COLKET, MEREDITH BRIGHT JR. (18 Aug. 1912-19 May 1985), archivist and genealogist, was born in Strafford, Chester County, Pa., son of Meredith Bright and Alberta (Kelsey) Colket. He earned his B.A. (1935) and M.A. (1940) in history at Haverford College, and received an honorary Litt.D. from BALDWIN-WALLACE COLLEGE in 1974. Colket joined the Natl. Archives in Washington, D.C., in 1937 as staff specialist, becoming genealogy and local-history specialist in 1950. He co-compiled A Guide to the Genealogical Records in the National Archives (1964), the first comprehensive finding aid of that institution. In 1957, Colket assumed the directorship of the WESTERN RESERVE HISTORICAL SOCIETY, becoming director emeritus upon his retirement in 1980.

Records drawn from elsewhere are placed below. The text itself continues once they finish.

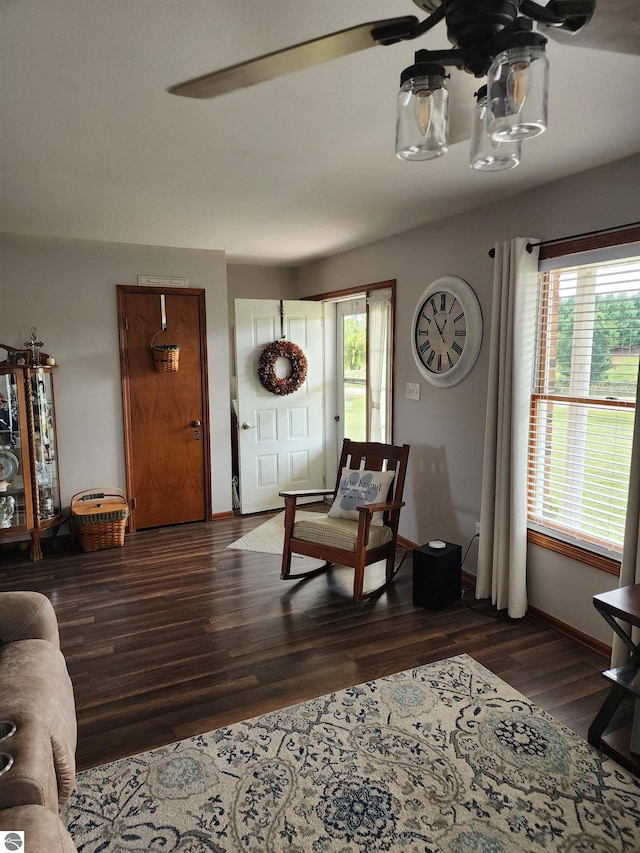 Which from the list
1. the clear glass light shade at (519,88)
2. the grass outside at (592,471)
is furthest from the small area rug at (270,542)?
the clear glass light shade at (519,88)

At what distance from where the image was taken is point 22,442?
161 inches

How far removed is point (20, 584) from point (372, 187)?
3451 millimetres

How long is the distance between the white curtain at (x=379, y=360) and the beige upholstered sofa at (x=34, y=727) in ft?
10.3

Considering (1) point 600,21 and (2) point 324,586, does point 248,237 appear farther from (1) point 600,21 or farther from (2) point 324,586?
(1) point 600,21

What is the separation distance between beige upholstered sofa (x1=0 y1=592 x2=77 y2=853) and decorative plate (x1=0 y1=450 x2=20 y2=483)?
2253 millimetres

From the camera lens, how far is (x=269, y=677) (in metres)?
2.62

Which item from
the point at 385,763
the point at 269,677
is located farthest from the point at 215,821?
the point at 269,677

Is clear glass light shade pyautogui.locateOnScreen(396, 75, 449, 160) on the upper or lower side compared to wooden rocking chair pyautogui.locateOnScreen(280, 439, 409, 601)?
upper

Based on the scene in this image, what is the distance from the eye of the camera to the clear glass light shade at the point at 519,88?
0.99 m

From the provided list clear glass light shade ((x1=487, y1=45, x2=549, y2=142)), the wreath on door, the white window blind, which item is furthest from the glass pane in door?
clear glass light shade ((x1=487, y1=45, x2=549, y2=142))

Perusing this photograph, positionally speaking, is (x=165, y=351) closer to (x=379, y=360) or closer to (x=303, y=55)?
(x=379, y=360)

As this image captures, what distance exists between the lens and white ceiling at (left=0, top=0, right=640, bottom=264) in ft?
4.93

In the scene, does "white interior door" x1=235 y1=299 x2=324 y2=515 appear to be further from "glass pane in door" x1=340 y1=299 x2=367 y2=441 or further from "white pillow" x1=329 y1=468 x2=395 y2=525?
"white pillow" x1=329 y1=468 x2=395 y2=525

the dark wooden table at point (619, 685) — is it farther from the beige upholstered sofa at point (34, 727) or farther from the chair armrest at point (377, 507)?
the beige upholstered sofa at point (34, 727) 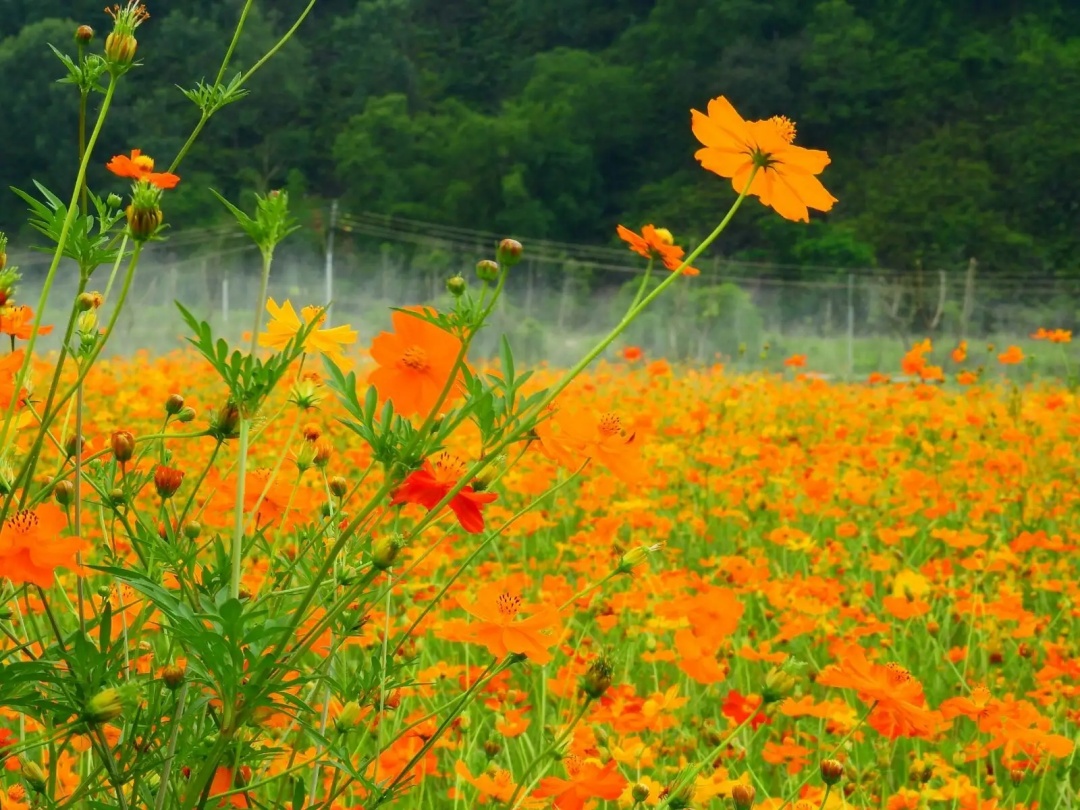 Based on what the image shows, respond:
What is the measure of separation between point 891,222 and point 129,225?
65.1ft

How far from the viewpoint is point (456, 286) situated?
1.45ft

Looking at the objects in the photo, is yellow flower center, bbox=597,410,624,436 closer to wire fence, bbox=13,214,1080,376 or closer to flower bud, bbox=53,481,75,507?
flower bud, bbox=53,481,75,507

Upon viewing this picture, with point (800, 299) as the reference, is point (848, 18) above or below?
above

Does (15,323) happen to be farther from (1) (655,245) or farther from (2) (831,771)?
(2) (831,771)

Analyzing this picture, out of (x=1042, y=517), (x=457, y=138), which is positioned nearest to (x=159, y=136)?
(x=457, y=138)

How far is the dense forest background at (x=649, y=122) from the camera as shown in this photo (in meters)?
18.6

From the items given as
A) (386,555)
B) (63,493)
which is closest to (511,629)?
(386,555)

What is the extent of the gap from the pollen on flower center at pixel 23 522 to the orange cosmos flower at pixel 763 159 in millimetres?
294

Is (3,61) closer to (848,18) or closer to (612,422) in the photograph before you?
(848,18)

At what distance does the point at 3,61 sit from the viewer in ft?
60.2

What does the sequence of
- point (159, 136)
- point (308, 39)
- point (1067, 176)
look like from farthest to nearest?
1. point (308, 39)
2. point (1067, 176)
3. point (159, 136)

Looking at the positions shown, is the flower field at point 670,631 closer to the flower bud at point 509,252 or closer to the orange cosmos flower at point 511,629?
the orange cosmos flower at point 511,629

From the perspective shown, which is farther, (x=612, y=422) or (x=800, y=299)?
(x=800, y=299)

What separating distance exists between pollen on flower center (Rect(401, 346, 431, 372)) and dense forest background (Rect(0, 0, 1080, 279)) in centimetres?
1777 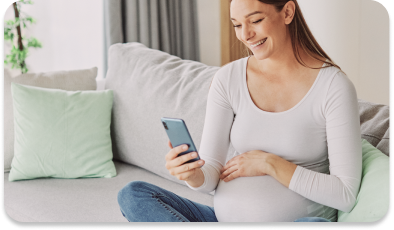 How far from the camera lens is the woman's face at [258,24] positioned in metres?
0.86

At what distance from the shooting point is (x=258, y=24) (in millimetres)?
865

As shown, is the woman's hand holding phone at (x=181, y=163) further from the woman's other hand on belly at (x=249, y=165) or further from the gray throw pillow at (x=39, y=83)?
the gray throw pillow at (x=39, y=83)

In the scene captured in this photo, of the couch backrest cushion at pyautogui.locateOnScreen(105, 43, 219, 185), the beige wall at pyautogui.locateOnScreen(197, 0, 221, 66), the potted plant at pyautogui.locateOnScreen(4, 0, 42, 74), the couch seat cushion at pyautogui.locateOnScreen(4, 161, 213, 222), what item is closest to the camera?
the couch seat cushion at pyautogui.locateOnScreen(4, 161, 213, 222)

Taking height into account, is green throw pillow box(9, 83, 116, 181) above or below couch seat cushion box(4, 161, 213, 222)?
above

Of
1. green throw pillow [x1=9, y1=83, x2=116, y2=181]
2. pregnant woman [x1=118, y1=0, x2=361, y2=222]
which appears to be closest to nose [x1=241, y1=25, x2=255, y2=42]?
pregnant woman [x1=118, y1=0, x2=361, y2=222]

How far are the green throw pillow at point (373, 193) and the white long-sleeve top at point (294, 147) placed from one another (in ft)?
0.07

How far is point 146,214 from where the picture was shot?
875 mm

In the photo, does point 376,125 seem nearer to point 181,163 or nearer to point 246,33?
point 246,33

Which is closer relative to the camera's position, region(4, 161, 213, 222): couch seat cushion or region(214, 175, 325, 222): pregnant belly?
region(214, 175, 325, 222): pregnant belly

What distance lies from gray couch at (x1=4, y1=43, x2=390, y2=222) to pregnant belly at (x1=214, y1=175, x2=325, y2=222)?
0.32 m

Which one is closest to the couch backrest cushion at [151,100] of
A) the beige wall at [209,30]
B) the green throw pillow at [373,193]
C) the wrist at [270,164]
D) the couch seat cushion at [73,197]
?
the couch seat cushion at [73,197]

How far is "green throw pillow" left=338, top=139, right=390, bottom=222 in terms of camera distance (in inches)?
→ 30.6

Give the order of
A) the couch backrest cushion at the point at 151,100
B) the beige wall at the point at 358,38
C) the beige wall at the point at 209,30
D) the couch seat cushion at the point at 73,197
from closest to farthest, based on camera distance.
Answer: the couch seat cushion at the point at 73,197, the couch backrest cushion at the point at 151,100, the beige wall at the point at 358,38, the beige wall at the point at 209,30

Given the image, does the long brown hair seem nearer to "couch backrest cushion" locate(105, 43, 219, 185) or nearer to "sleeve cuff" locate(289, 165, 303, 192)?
"sleeve cuff" locate(289, 165, 303, 192) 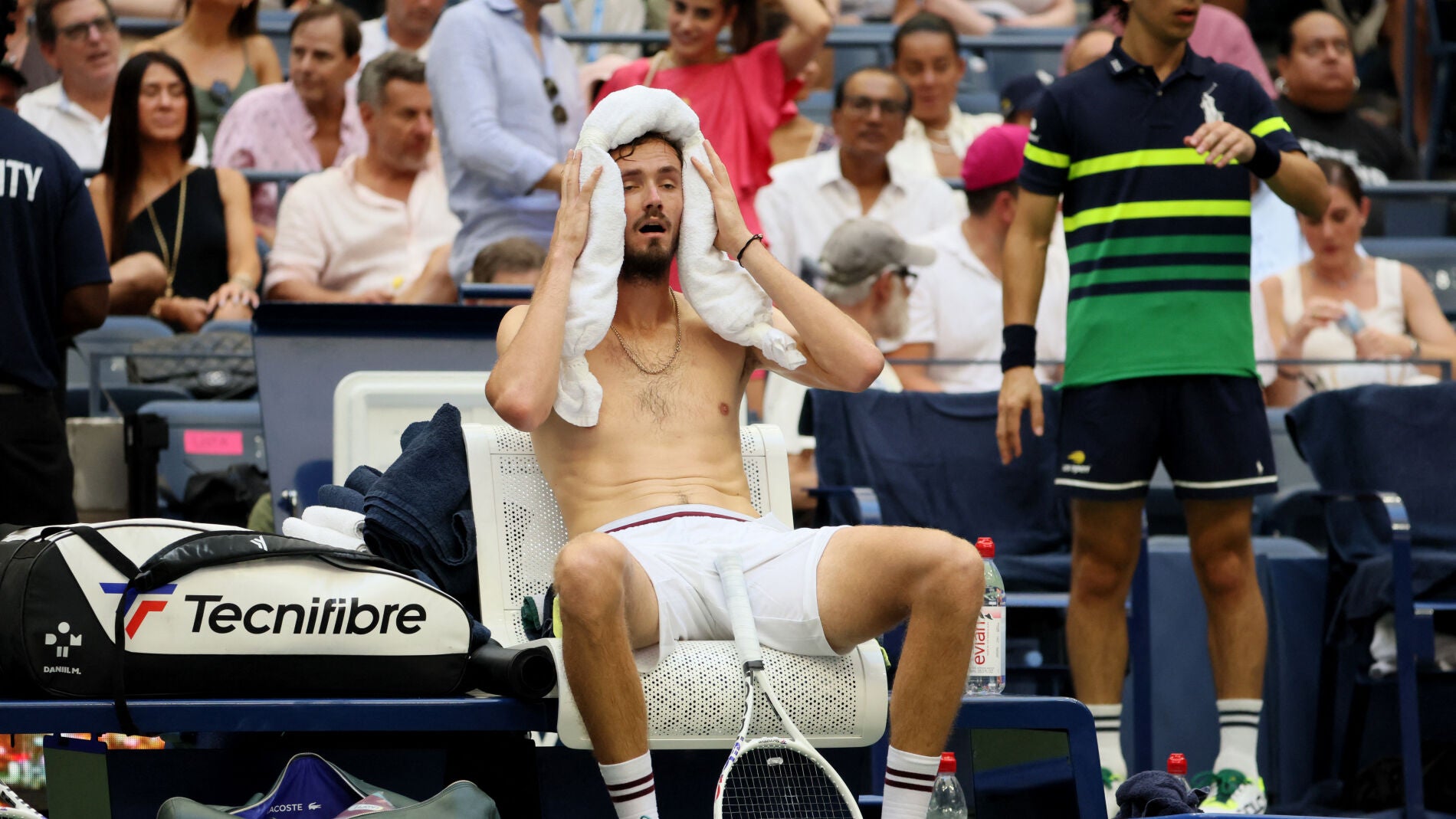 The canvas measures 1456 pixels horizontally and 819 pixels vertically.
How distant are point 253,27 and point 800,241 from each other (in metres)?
2.92

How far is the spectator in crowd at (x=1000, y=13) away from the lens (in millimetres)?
9320

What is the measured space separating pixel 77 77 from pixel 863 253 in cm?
358

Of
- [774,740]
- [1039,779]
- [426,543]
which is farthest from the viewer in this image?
[426,543]

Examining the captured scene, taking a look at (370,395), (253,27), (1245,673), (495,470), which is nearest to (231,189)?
(253,27)

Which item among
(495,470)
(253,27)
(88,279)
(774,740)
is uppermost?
(253,27)

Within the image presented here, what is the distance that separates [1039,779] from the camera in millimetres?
3371

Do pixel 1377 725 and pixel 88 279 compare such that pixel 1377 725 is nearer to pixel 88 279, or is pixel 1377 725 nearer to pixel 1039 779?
pixel 1039 779

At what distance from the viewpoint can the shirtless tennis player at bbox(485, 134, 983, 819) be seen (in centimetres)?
305

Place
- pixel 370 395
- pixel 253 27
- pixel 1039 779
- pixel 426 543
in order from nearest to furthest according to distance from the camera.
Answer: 1. pixel 1039 779
2. pixel 426 543
3. pixel 370 395
4. pixel 253 27

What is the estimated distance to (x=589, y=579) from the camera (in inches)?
119

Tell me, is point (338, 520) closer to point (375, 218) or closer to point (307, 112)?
point (375, 218)

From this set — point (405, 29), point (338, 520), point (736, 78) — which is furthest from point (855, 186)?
point (338, 520)

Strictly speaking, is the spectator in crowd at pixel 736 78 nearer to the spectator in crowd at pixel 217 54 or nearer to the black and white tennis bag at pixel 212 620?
the spectator in crowd at pixel 217 54

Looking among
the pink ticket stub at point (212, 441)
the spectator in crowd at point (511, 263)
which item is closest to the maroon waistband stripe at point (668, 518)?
the spectator in crowd at point (511, 263) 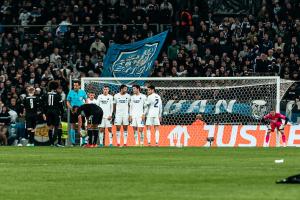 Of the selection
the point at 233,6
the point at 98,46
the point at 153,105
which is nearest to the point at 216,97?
the point at 153,105

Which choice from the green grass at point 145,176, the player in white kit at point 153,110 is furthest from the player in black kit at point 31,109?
the green grass at point 145,176

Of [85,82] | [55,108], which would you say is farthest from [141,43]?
[55,108]

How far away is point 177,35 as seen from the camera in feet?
142

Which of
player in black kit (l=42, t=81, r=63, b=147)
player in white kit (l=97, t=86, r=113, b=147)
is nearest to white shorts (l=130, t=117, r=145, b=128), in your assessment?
player in white kit (l=97, t=86, r=113, b=147)

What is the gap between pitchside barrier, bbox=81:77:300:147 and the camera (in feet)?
115

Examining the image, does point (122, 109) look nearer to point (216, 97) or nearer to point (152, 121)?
point (152, 121)

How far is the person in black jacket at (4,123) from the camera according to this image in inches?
1462

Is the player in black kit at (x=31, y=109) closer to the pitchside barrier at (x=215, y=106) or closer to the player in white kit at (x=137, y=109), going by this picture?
the pitchside barrier at (x=215, y=106)

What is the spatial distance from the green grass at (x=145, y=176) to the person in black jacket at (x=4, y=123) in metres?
11.8

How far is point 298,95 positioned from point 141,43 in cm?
666

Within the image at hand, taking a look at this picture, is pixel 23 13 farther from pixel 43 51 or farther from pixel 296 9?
pixel 296 9

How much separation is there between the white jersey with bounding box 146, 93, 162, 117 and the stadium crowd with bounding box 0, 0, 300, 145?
4.28 metres

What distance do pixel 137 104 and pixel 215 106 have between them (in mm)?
2733

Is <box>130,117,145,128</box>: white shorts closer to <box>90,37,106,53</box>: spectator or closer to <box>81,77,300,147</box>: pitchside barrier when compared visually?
<box>81,77,300,147</box>: pitchside barrier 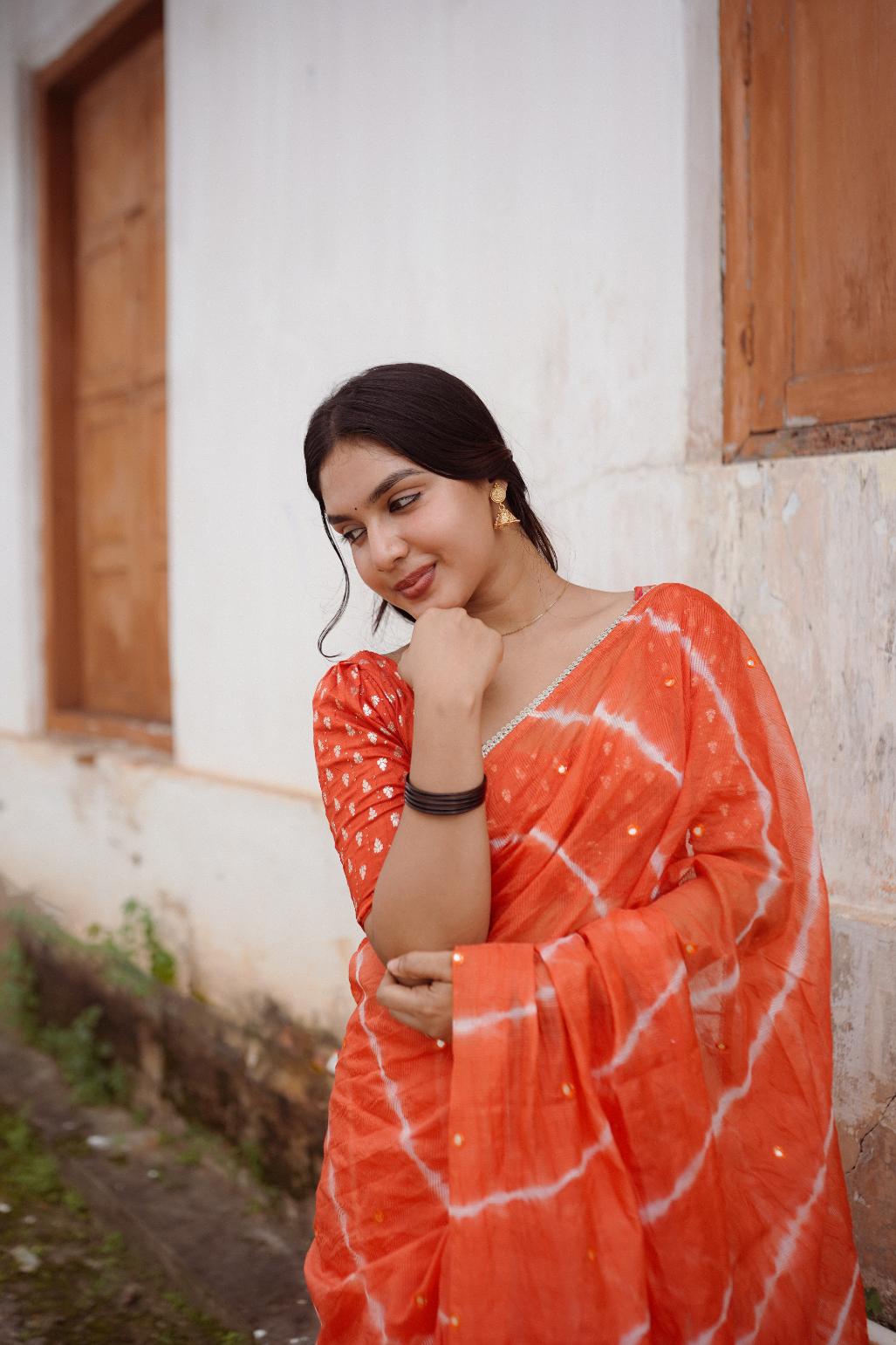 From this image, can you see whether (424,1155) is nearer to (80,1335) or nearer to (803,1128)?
(803,1128)

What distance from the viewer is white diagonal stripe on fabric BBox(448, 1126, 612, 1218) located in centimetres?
134

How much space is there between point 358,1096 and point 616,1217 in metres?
0.39

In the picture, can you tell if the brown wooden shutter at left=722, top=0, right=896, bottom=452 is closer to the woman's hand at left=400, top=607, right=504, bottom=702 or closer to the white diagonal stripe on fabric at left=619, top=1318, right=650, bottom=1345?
the woman's hand at left=400, top=607, right=504, bottom=702

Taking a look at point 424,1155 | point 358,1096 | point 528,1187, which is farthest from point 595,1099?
point 358,1096

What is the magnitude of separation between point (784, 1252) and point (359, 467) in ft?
3.75

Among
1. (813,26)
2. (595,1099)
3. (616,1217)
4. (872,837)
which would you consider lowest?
(616,1217)

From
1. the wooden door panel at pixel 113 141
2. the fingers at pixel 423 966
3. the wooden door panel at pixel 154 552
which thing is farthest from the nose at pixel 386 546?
the wooden door panel at pixel 113 141

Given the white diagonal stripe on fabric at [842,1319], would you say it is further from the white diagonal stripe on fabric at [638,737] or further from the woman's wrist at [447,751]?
the woman's wrist at [447,751]

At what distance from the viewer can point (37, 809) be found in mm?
4516

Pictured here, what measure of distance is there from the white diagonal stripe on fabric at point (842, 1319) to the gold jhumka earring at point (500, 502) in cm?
112

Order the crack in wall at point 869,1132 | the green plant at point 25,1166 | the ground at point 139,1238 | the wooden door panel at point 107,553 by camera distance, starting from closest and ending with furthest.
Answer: the crack in wall at point 869,1132 < the ground at point 139,1238 < the green plant at point 25,1166 < the wooden door panel at point 107,553

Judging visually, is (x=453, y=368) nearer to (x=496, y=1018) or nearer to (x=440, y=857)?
(x=440, y=857)

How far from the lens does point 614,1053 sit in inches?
53.6

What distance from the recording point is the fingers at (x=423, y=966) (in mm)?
1395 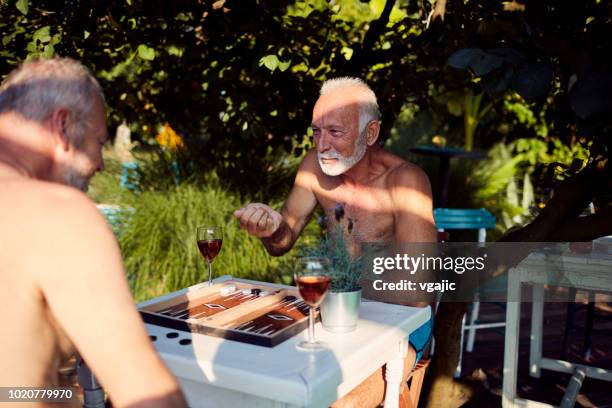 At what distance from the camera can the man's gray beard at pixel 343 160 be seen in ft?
9.82

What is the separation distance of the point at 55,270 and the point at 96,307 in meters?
0.11

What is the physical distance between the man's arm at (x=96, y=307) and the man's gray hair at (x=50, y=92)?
281mm

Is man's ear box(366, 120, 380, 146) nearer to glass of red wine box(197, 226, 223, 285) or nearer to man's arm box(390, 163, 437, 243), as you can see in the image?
man's arm box(390, 163, 437, 243)

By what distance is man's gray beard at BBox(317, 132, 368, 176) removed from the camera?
118 inches

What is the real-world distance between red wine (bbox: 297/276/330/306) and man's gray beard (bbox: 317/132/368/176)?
132cm

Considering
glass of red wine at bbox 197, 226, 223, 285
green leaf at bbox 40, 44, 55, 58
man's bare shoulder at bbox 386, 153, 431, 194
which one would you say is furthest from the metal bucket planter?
green leaf at bbox 40, 44, 55, 58

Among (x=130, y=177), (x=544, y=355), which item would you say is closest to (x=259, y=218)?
(x=544, y=355)

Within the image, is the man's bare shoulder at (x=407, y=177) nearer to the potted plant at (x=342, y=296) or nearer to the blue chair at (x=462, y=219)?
the potted plant at (x=342, y=296)

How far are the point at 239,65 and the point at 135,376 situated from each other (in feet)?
8.18

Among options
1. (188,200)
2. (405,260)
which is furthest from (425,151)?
(405,260)

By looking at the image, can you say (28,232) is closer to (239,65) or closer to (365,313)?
(365,313)

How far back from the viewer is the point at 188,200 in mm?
5531

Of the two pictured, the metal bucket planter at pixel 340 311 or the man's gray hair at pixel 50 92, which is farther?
the metal bucket planter at pixel 340 311

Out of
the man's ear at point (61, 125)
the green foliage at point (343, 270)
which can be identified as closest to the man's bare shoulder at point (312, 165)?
the green foliage at point (343, 270)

Colket believed citizens could understand their American heritage through studying their family history. He published genealogical accounts of Anne Hutchinson and Katherine Marbury Scott (1936), the Fairbrothers (1939), Pelhams (1940-43), Jenkses (1956), Pelots (1980), and Chisholms (1984). His Creating a Worthwhile Family Genealogy (1968) is still a model for those publishing a family history. Colket also published Founders of Early American Families, Emigrants from Europe, 1607-1657 (1975, rev. ed. 1985). During Colket's tenure, the WRHS expanded its main plant on East Blvd. and acquired outlying properties, including the Jonathan Hale farm in Bath, Ohio. The library became one of the foremost local-history and genealogy research centers in America. Colket was a founder (1940) of the Assoc. for State & Local History and founder and first director (1950-60) of the Natl. Institute for Genealogical Research. In 1992, Colket was inducted into the National Genealogical Hall of Fame.
Colket married Julia Beatrice Pelot in 1945. They had three sons: William Currie, Meredith Bright III, and John Pelot. He was buried in the Laurel Hill Cemetery of Philadelphia, Penn.